___ Exercise material

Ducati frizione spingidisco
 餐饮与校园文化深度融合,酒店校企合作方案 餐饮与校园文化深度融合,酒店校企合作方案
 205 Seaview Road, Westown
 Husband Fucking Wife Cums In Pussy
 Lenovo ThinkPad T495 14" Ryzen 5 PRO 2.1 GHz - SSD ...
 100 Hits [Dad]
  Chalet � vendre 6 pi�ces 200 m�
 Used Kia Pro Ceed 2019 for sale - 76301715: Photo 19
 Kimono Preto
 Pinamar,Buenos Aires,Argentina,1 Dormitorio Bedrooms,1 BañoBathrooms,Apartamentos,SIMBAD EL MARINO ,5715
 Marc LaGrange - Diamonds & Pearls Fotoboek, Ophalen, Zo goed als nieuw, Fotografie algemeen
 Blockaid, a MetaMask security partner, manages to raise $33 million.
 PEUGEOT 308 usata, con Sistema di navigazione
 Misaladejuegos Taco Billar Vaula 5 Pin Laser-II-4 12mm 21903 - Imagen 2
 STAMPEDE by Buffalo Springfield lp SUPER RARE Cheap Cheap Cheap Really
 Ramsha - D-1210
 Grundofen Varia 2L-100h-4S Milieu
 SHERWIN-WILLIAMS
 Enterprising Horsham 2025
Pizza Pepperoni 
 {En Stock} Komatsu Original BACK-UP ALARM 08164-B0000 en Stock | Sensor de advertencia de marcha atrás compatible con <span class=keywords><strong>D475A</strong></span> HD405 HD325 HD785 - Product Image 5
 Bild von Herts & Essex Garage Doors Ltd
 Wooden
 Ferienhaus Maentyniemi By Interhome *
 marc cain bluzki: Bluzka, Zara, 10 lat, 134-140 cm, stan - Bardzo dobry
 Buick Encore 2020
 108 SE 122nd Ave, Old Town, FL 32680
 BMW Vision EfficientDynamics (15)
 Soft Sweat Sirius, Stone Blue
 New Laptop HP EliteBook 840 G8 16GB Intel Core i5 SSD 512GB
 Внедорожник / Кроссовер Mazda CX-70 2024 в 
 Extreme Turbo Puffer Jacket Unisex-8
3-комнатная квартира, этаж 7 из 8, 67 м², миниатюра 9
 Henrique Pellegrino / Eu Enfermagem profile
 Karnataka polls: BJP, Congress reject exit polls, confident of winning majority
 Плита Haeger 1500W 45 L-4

______

Aim of the task: In your answer, reproduce every entry exactly as it was written.

Completed exercise:
Ducati frizione spingidisco
 餐饮与校园文化深度融合,酒店校企合作方案 餐饮与校园文化深度融合,酒店校企合作方案
 205 Seaview Road, Westown
 Husband Fucking Wife Cums In Pussy
 Lenovo ThinkPad T495 14" Ryzen 5 PRO 2.1 GHz - SSD ...
 100 Hits [Dad]
  Chalet � vendre 6 pi�ces 200 m�
 Used Kia Pro Ceed 2019 for sale - 76301715: Photo 19
 Kimono Preto
 Pinamar,Buenos Aires,Argentina,1 Dormitorio Bedrooms,1 BañoBathrooms,Apartamentos,SIMBAD EL MARINO ,5715
 Marc LaGrange - Diamonds & Pearls Fotoboek, Ophalen, Zo goed als nieuw, Fotografie algemeen
 Blockaid, a MetaMask security partner, manages to raise $33 million.
 PEUGEOT 308 usata, con Sistema di navigazione
 Misaladejuegos Taco Billar Vaula 5 Pin Laser-II-4 12mm 21903 - Imagen 2
 STAMPEDE by Buffalo Springfield lp SUPER RARE Cheap Cheap Cheap Really
 Ramsha - D-1210
 Grundofen Varia 2L-100h-4S Milieu
 SHERWIN-WILLIAMS
 Enterprising Horsham 2025
Pizza Pepperoni 
 {En Stock} Komatsu Original BACK-UP ALARM 08164-B0000 en Stock | Sensor de advertencia de marcha atrás compatible con <span class=keywords><strong>D475A</strong></span> HD405 HD325 HD785 - Product Image 5
 Bild von Herts & Essex Garage Doors Ltd
 Wooden
 Ferienhaus Maentyniemi By Interhome *
 marc cain bluzki: Bluzka, Zara, 10 lat, 134-140 cm, stan - Bardzo dobry
 Buick Encore 2020
 108 SE 122nd Ave, Old Town, FL 32680
 BMW Vision EfficientDynamics (15)
 Soft Sweat Sirius, Stone Blue
 New Laptop HP EliteBook 840 G8 16GB Intel Core i5 SSD 512GB
 Внедорожник / Кроссовер Mazda CX-70 2024 в 
 Extreme Turbo Puffer Jacket Unisex-8
3-комнатная квартира, этаж 7 из 8, 67 м², миниатюра 9
 Henrique Pellegrino / Eu Enfermagem profile
 Karnataka polls: BJP, Congress reject exit polls, confident of winning majority
 Плита Haeger 1500W 45 L-4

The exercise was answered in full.